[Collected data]
>>>>>
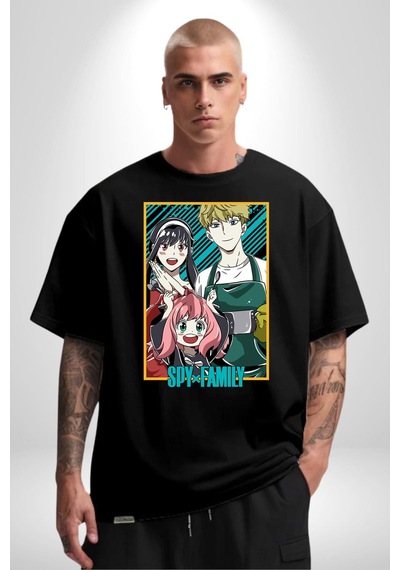 Spy X Family Anime Özel Tasarım Pamuklu Bisiklet Yaka Unisex Oversize Boyfriend Dijital Baskılı Siyah T-shirt Siyah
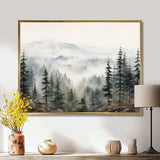 Pine Tree Misty Mountain II - Floral Canvas Wall Art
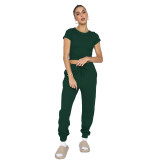 Women Waffle Round Neck Short Sleeve Top And Pant Two Piece Set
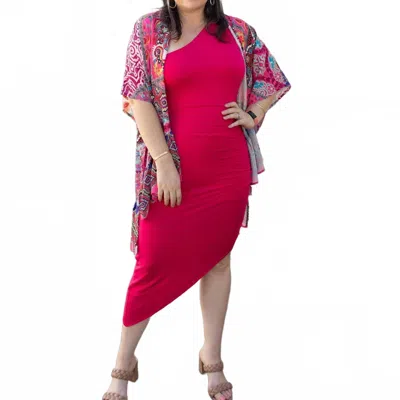 Entro Solid One-shoulder Sleeveless Midi Dress In Magenta In Pink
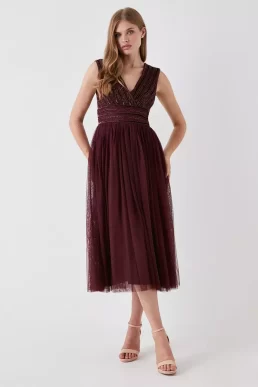 Coast Mixed Bead Wrap Front Bridesmaids Mesh Midi Dress Malbec berry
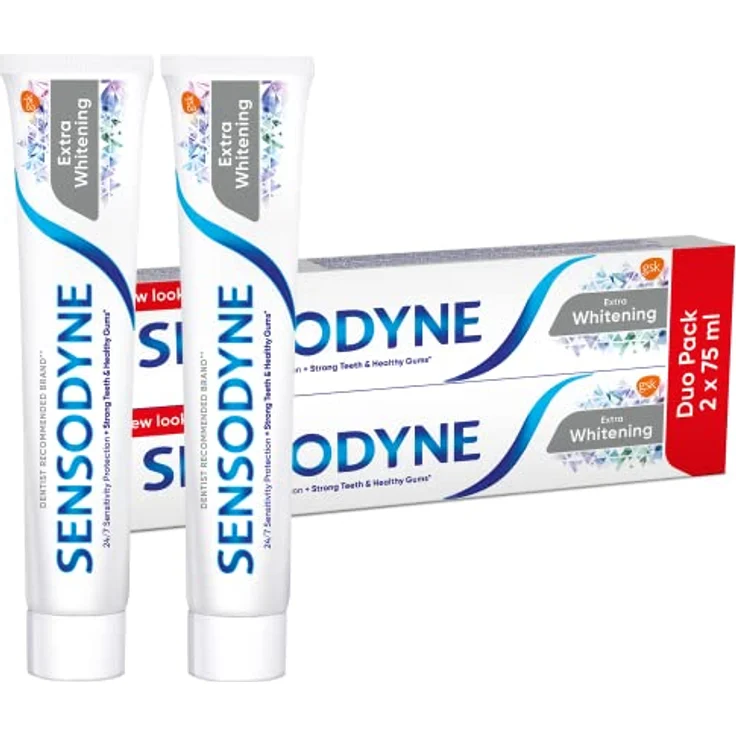 Sensodyne Extra Whitening, bleichende Zahnpasta mit Fluor für empfindliche Zähne, 2x75 ml, reduziert Zahnempfindlichkeit – Bild 3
<<<<<
Without the pictures, reproduce every entry exactly as written.

-- FINAL ANSWER --
 Spy X Family Anime Özel Tasarım Pamuklu Bisiklet Yaka Unisex Oversize Boyfriend Dijital Baskılı Siyah T-shirt Siyah
 Pine Tree Misty Mountain II - Floral Canvas Wall Art
 Women Waffle Round Neck Short Sleeve Top And Pant Two Piece Set
 Entro Solid One-shoulder Sleeveless Midi Dress In Magenta In Pink
 Coast Mixed Bead Wrap Front Bridesmaids Mesh Midi Dress Malbec berry
 Sensodyne Extra Whitening, bleichende Zahnpasta mit Fluor für empfindliche Zähne, 2x75 ml, reduziert Zahnempfindlichkeit – Bild 3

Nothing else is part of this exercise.